Teslas Chefdesigner sagt, der nächste Roadster komme „sehr bald”. Franz von Holzhausen sagte das in der neuesten Folge von Jay Leno's Garage, und als Leno nachfragte, sagte er es noch einmal. Lenos Antwort — „10 Jahre… knapp 10 Jahre” — ist die ehrliche Zusammenfassung des Stands dieses Autos.

Was tatsächlich gesagt wurde

Von Holzhausen ging über diese Formulierung hinaus keine Verpflichtung ein. Kein Datum, keine Spezifikation, kein Preis, kein Markt. Das ist relevant, denn dieselben beiden Worte sind diesem Fahrzeug seit seiner Vorstellung immer wieder angehängt worden.

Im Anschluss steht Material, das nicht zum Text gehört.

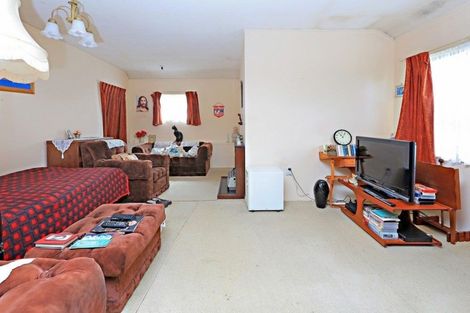 Photo of property in 69a Redoubt Road, Goodwood Heights, Auckland, 2105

Unabhängig davon hat The Information berichtet, Tesla wolle den Roadster der zweiten Generation noch in diesem Monat vorstellen, und beruft sich dabei auf vier Personen mit Kenntnis des Programms. Tesla hat keine Veranstaltung bestätigt, und offiziell ist kein Datum festgelegt.

Die Bilanz bisher

Tesla zeigte den Roadster im November 2017 als fahrfähigen Prototyp und versprach die Produktion für 2020. Seither hat sich der Termin verschoben:

Versprochen für Status
2020 (angekündigt 2017) Verpasst
2022 Verpasst
2023 Verpasst
2024 Verpasst
2026 (berichtete Premiere) Unbestätigt

Die derzeitige Erklärung für die Verzögerung ist das SpaceX-Paket, das Elon Musk seit Jahren andeutet — ein Satz Kaltgasdüsen, intern als A71 bezeichnet, die Beschleunigung und Kurvenverhalten verbessern sollen. Raketentechnik in ein Straßenfahrzeug zu integrieren, ist ein echtes ingenieurtechnisches Problem — und zugleich eines ohne festes Ende.

Was „kommen” bedeuten würde

Das ist der Punkt, bei dem Präzision lohnt, denn hier gehen die Erwartungen üblicherweise schief. Die Berichte über die erwartete Veranstaltung beschreiben eine Demonstration und nicht den Produktionsstart. Sollte sie stattfinden, wäre es die zweite öffentliche Demo in rund einem Jahrzehnt. Die Serienproduktion läge denselben Berichten zufolge näher an 2027 oder 2028, und Tesla hat überhaupt keinen Produktionszeitplan veröffentlicht.

Nichts davon ist von Tesla bestätigt. Behandeln Sie den Premierentermin, das Düsenpaket und das Produktionsfenster als unbestätigte Berichte und nicht als Plan, auf den Sie eine Kaufentscheidung stützen können.

Für europäische Käufer

Ein europäischer Roadster ist noch weiter entfernt, und das aus Gründen, die nichts mit Düsen zu tun haben. Ein Performance-Fahrzeug in Kleinserie braucht eine eigene EU-Typgenehmigung, und Funktionen, die auf amerikanische Verkehrsregeln zugeschnitten sind, lassen sich nicht automatisch übertragen — Teslas Erfahrungen mit der Freigabe von Fahrerassistenzfunktionen in Europa führen diese Lücke dauerhaft vor Augen. Märkte mit Rechtslenkung bedeuten einen weiteren Schritt.

An der praktischen Lage aller Menschen in Europa, die eine Roadster-Reservierung halten — einige davon aus dem Jahr 2017 und mit erheblichen Anzahlungen verbunden —, ändert dieses Interview nichts. Ein Designer, der in einer Talkshow „sehr bald” sagt, ist keine Lieferprognose, und es gibt weiterhin keine Zusage für einen europäischen Marktstart, keinen Homologationsstand und keinen Preis.

Tesla hat reichlich Hardware, die tatsächlich kommt — der Cybercab wird mit echter Starlink-Hardware gezeigt, und der Semi drängt nach Frankreich. Der Roadster gehört noch nicht in diese Kategorie. Das nächste glaubwürdige Signal ist eine echte Veranstaltung mit einem echten Auto, und bis das geschieht, bleibt die sinnvolle Lesart von „sehr bald” jene, die Leno auf Sendung geliefert hat.